How to complete this task |
Keep the wording of the records intact as you retype them, and omit every image.

--- Supplied material ---

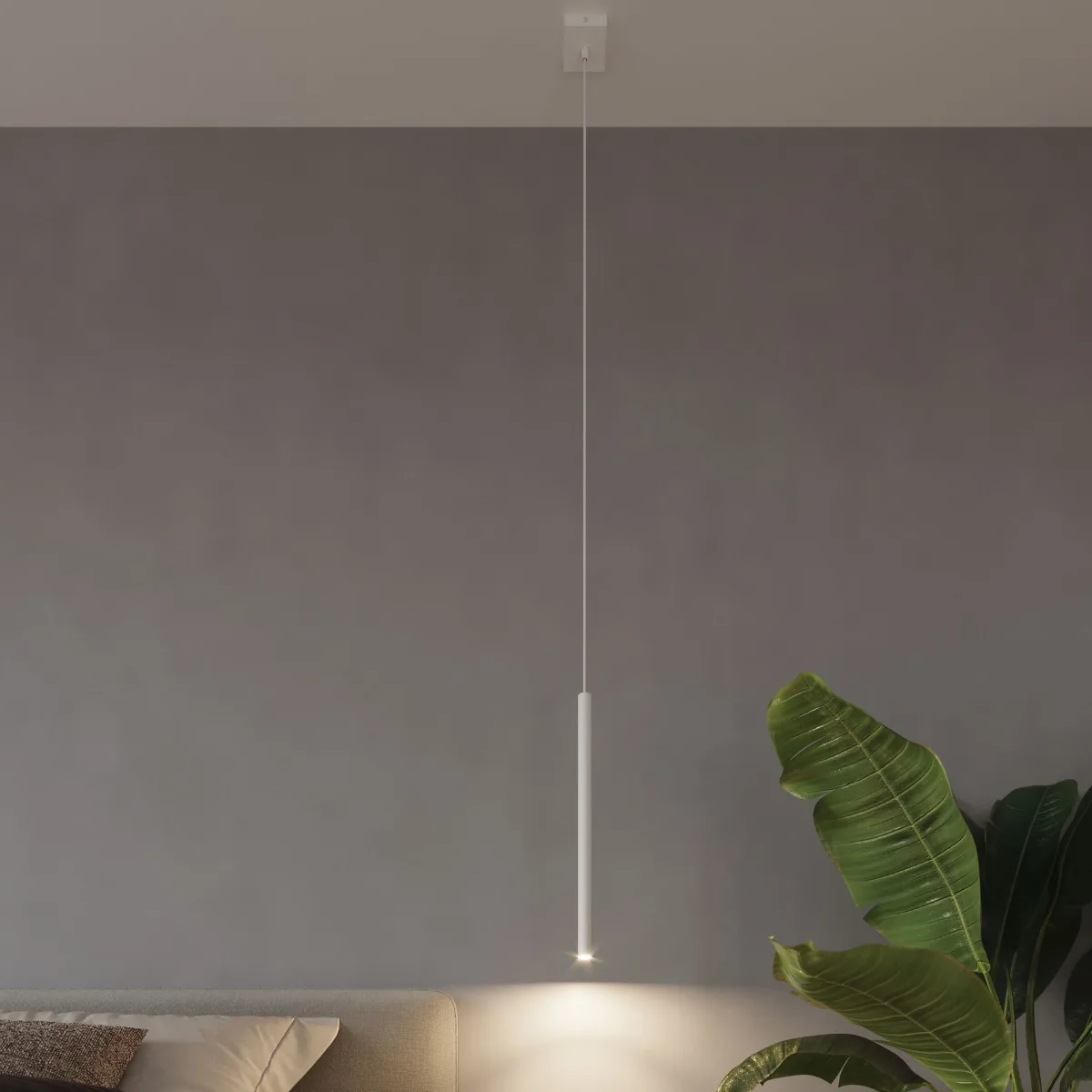 Pastelo Pendant Light - Single / White Bedroom Cylinder Pendants Great Lighting UK Ltd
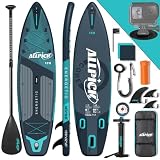 ALLPICK Premium SUP Board Set, Stand Up Paddling Board Aufblasbar, Mit Universal Kamerahalterung, Komplettes Zubehör, Verstellbares Paddel, Anfänger, Fortgeschrittene, 180kg (Premium-Grün)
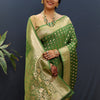 Woebegone Green Soft Banarasi Silk Saree With Confounding Blouse Piece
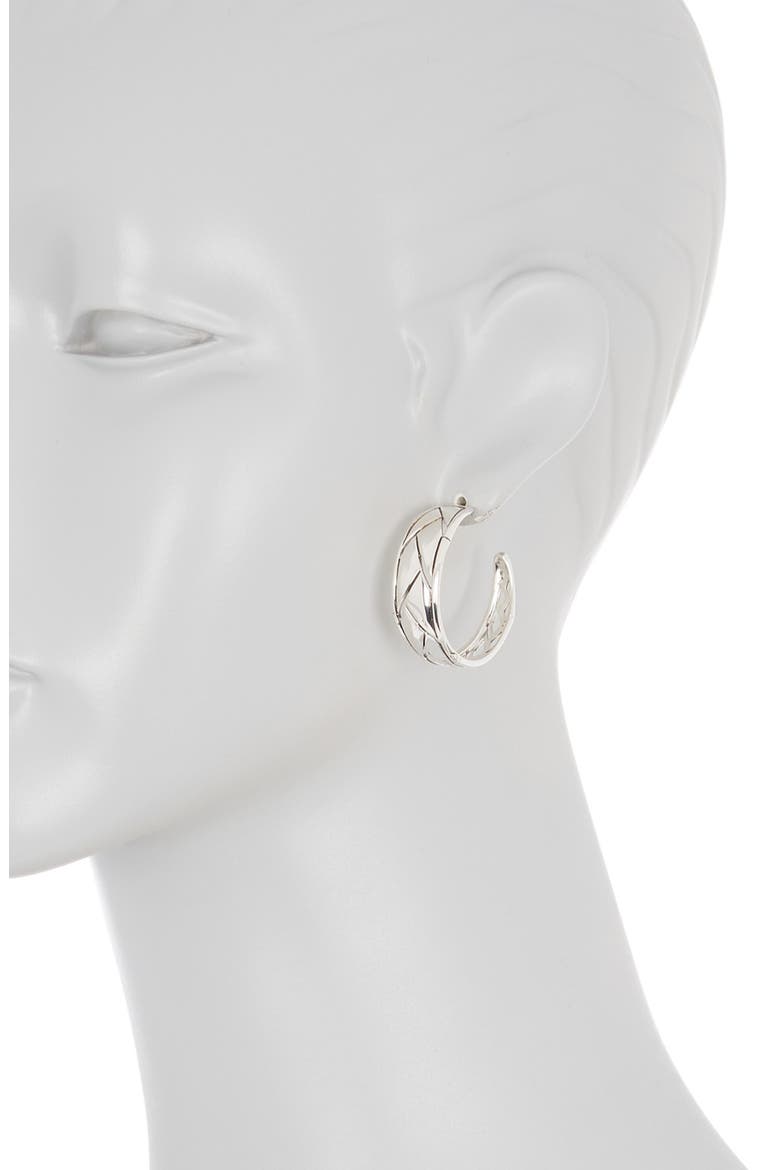 'Bamboo' Tapered Hoop Earrings, Alternate, color, STERLING SILVER
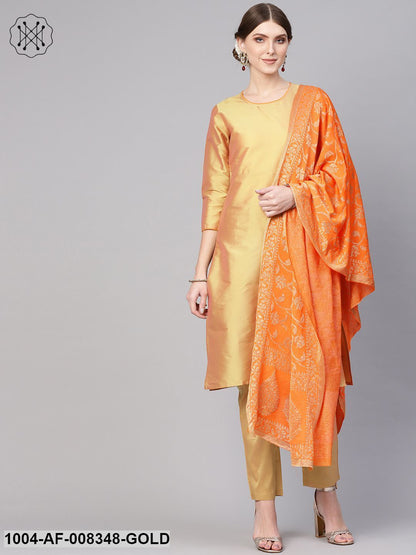 Golden Color Round Neck 3/4Th Sleeve Straight Kurta With Palazzo And Printed Dupatta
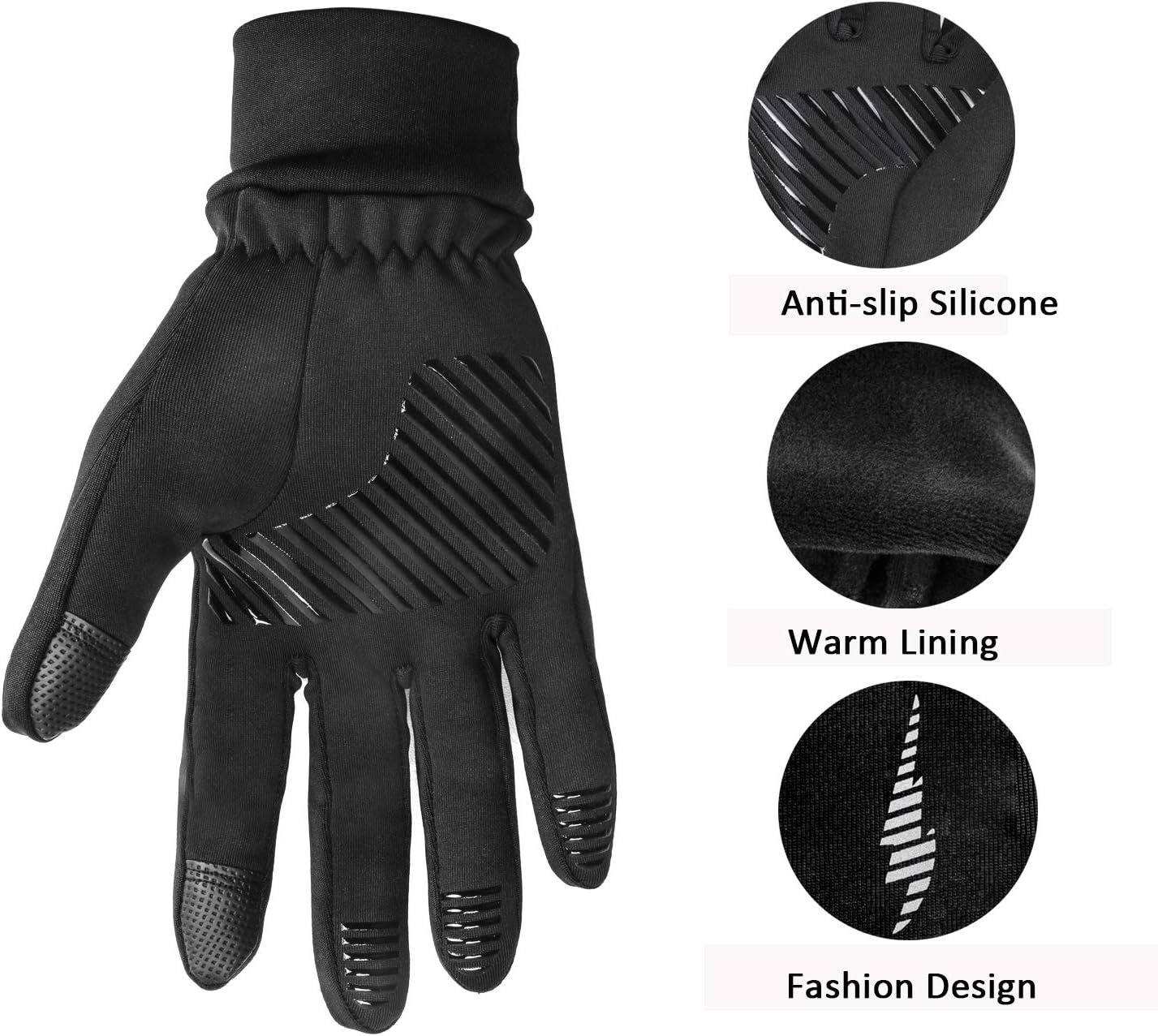 HiCool Winter Gloves, Touch Screen Running Thermal Driving Warm Outdoor Sports Head Gloves for Men Women : Clothing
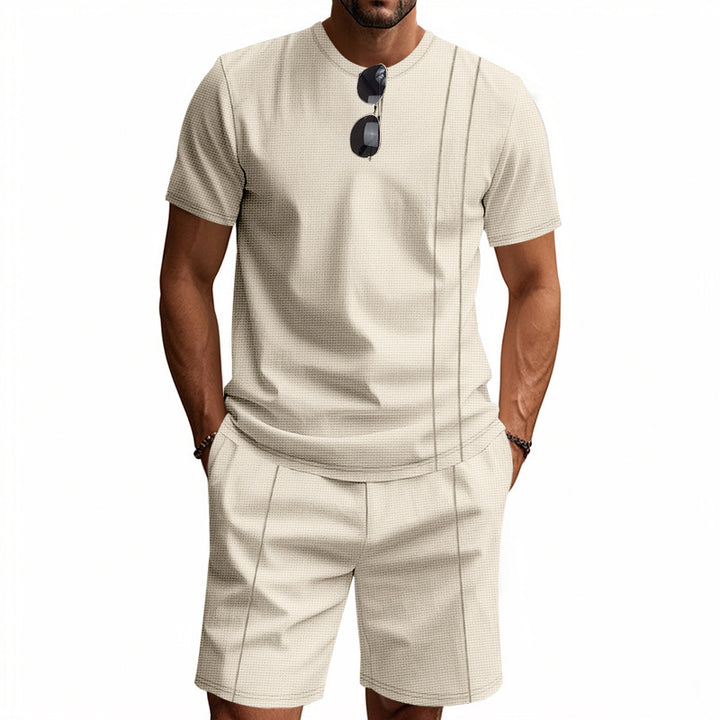 Men's urban waffle jersey ensemble with contrasting decorative seams and loose Bermuda fit Mune Fashion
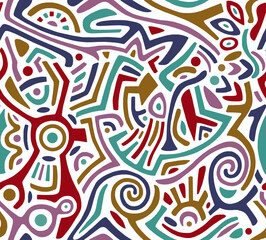 Abstract hand-drawn drawing of bright colors of chaotic shapes.Seamless pattern.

---

Answer space |
 Pastelo Pendant Light - Single / White Bedroom Cylinder Pendants Great Lighting UK Ltd
 ALLPICK Premium SUP Board Set, Stand Up Paddling Board Aufblasbar, Mit Universal Kamerahalterung, Komplettes Zubehör, Verstellbares Paddel, Anfänger, Fortgeschrittene, 180kg (Premium-Grün)
 Woebegone Green Soft Banarasi Silk Saree With Confounding Blouse Piece
 'Bamboo' Tapered Hoop Earrings, Alternate, color, STERLING SILVER
 Golden Color Round Neck 3/4Th Sleeve Straight Kurta With Palazzo And Printed Dupatta
 HiCool Winter Gloves, Touch Screen Running Thermal Driving Warm Outdoor Sports Head Gloves for Men Women : Clothing
 Men's urban waffle jersey ensemble with contrasting decorative seams and loose Bermuda fit Mune Fashion
 Abstract hand-drawn drawing of bright colors of chaotic shapes.Seamless pattern.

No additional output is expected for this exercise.